The rebuild of this gage was done in the spring of 2013. The gage itself was one of five similar Belfort 5915 gages, used by the BBWM research effort. After many years in service, the potentiometer in the unit developed a dead spot. This often happens when a potentiometer wiper is moved back and forth across a small area of the resistive surface. In an instrument such as the Belfort 5915, this often happens. As precipitation fills a catch bucket, the bucket depresses a spring. That spring may only move a small amount, which in turn moves the potentiometer wiper a small amount. The precipitation then stops. When it stops, despite efforts to prevent it, some of the precipitation, just deposited, then evaporates. This causes the wiper to move back across the same area again and again. Over time this one area will wear out more quickly.
The clock drive is used to spin a drum with graph paper on it. This was the default method of collecting, and storing precipitation data from the BBWM sites. Also mounted on the base plate is a dual "D" size battery holder.
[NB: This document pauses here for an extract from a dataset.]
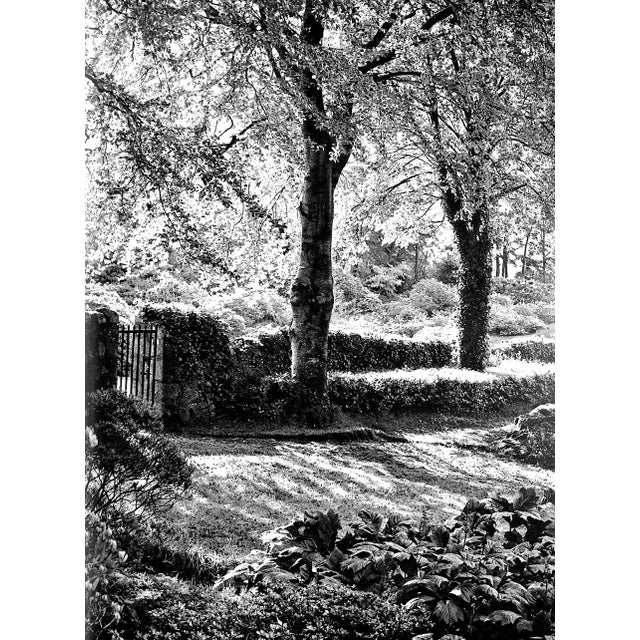 White "Great Gardens of Britain" 1967 Coats, Peter For Sale - Image 8 of 12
This was used as a power source for the clock drive. At one site AC power was available for a time, and an AC powered version of the clock drive was used.
At one site AC power was available for a time, and an AC powered version of the clock drive was used.
The Summit, Camp, and East Bear precipitation collectors all used battery powered clock drives. Most were powered by 12 volt solar systems, with standard 12 volt lead-acid (car battery) battery backup. The Camp installation used much higher capacity "golf cart" batteries, although of the same 12 volt rating, not the standard 6 volt golf cart voltage.
The standard means of recording precipitation data was by using the standard Belfort Inc. dual traverse (up, then down) graph paper recording drum and paper.
A wand with an ink pot, or small felt tip marker would sweep upward to mark the collection of the first 6" of precipitation. Then the arm would sweep back downward to mark the next 6" of precipitation. All the while the drum would rotate such that one drum rotation occurred in about 8 days. In this way a full 12" of precipitation could be recorded over one week of time, without overwriting the previous week's line.
If there was an overwrite, as would happen from time to time due to site access issues, the graph would have to be interpreted by the examiner. Performing the interpretation was usually straight forward.